Saturday, June 4, 2011

Kickstarter.com

A listmember sent me a link to a website, kickstarter.com that I think is vastly superior to quirky.com.  In fact, this is an amazing site which looks like something I would design if I had thought of it.


In essence, you post a notice of a project you wish to accomplish, and people pledge to fund it.  For their pledge, they get some reward, like a hot air balloon ride, or a copy of a song if the project is to produce a song.


The pledge idea is really nothing new, there are plenty of examples in history, such as in old times when someone wanted a book published, he would pre-sell copies to enough people to warrant the printer making a run.


The site states explicitly it cannot be used for start-up funds, but it can be used for a project like developing a board game.  Although mostly creative projects like film and music, there are games, products and other hardgoods.  


Some groups are sponsoring topics, like this for agriculture.

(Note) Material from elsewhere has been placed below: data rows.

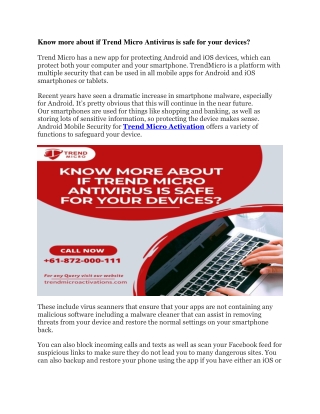 Know if trendmicro is safe for your device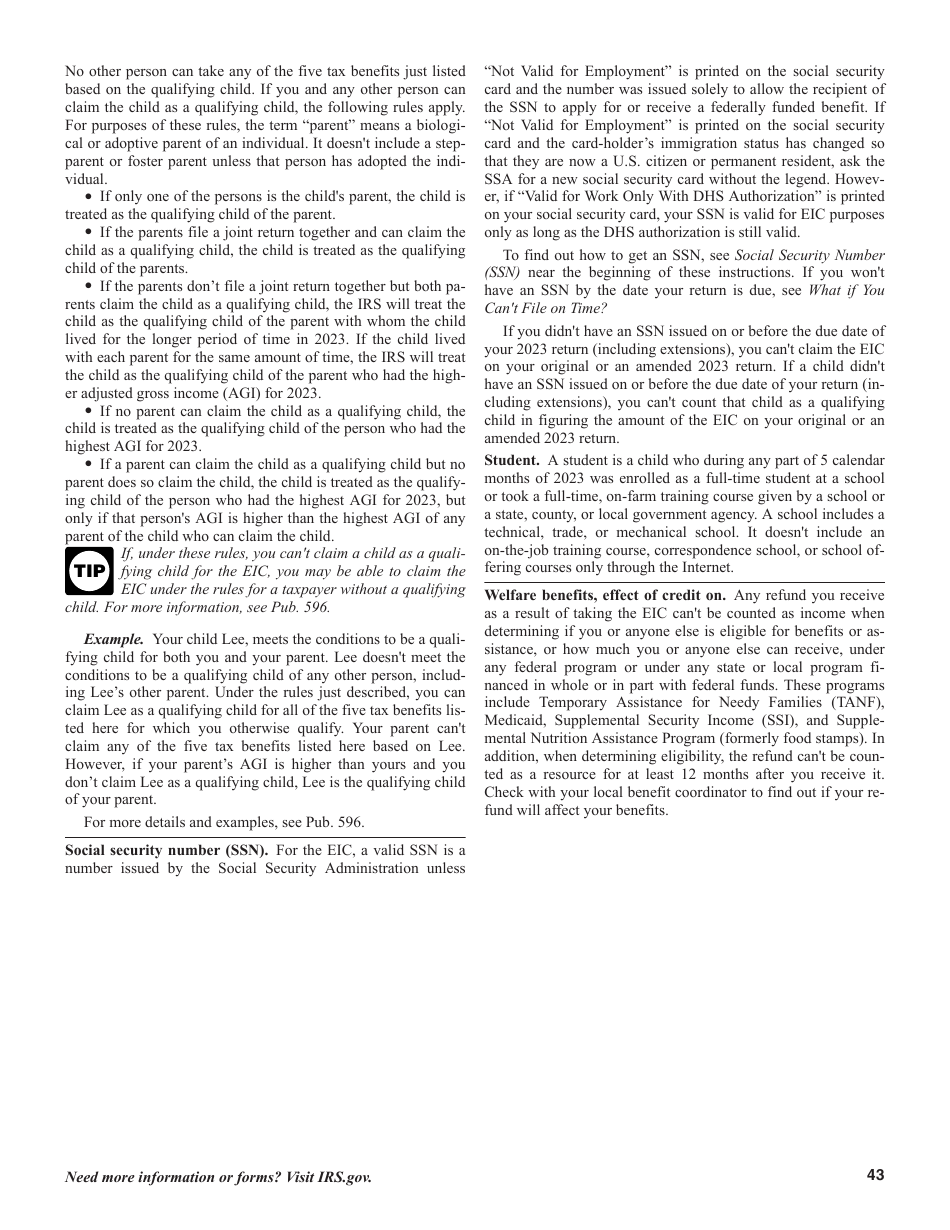 Instructions for IRS Form 1040, 1040-SR U.S. Individual Income Tax Return, Page 43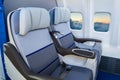 Empty seats in a modern airplane Royalty Free Stock Photo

Quirky.com charges a $10 idea submission fee, and selects which to promote.  It appears to then pay out  10% off the top of any selling item to the "inventor."  All fair enough, even generous for what is in essence payment for concept work.  I disagree with quirky's product positioning at mass market and dislike they do the sourcing, when I think this is your job, and critical to starting a business.  But just as Print On Demand killed the abusive vanity press business, maybe quirky will kill the abusive "inventor submission" business.  Overall Quirky is a good thing for a certain range of entrepreneurs.

Neither Quirky nor Kickstarter give a hoot about intellectual property rights, which is only reasonable.  In essence everything you do with these groups is open-source.  This is good. But then, who has studied with me cares abut IPR, right?   We all know IPR is pointless, and worse, counterproductive. 


I like kickstarter better since it is far more flexible, non-discriminatory, requires no upfront fee and leaves the marketing and monetization aspect where it belongs, with you.  It appears their system gets about 10% off the top (all in) if your funding is a go, which is very reasonable.


Another subtle difference: both sites generate lots of attention for your project.  It seems to me with Quirky the attention goes to Quirky, with Kickstarter it goes to you.


Milestone 3 is enough orders to cover the suppliers minimum production run in a workable amount of time, profitably. Kickstarter very well may prove to serve as a controlled pretest of your project before you go off into Plan A.  Learn and test a lot of theses with a project on Kickstarter, then proceed into the real market on a even more solid basis.


I will think this over to test an idea and then report on progress.  If anyone else does too, please share your results.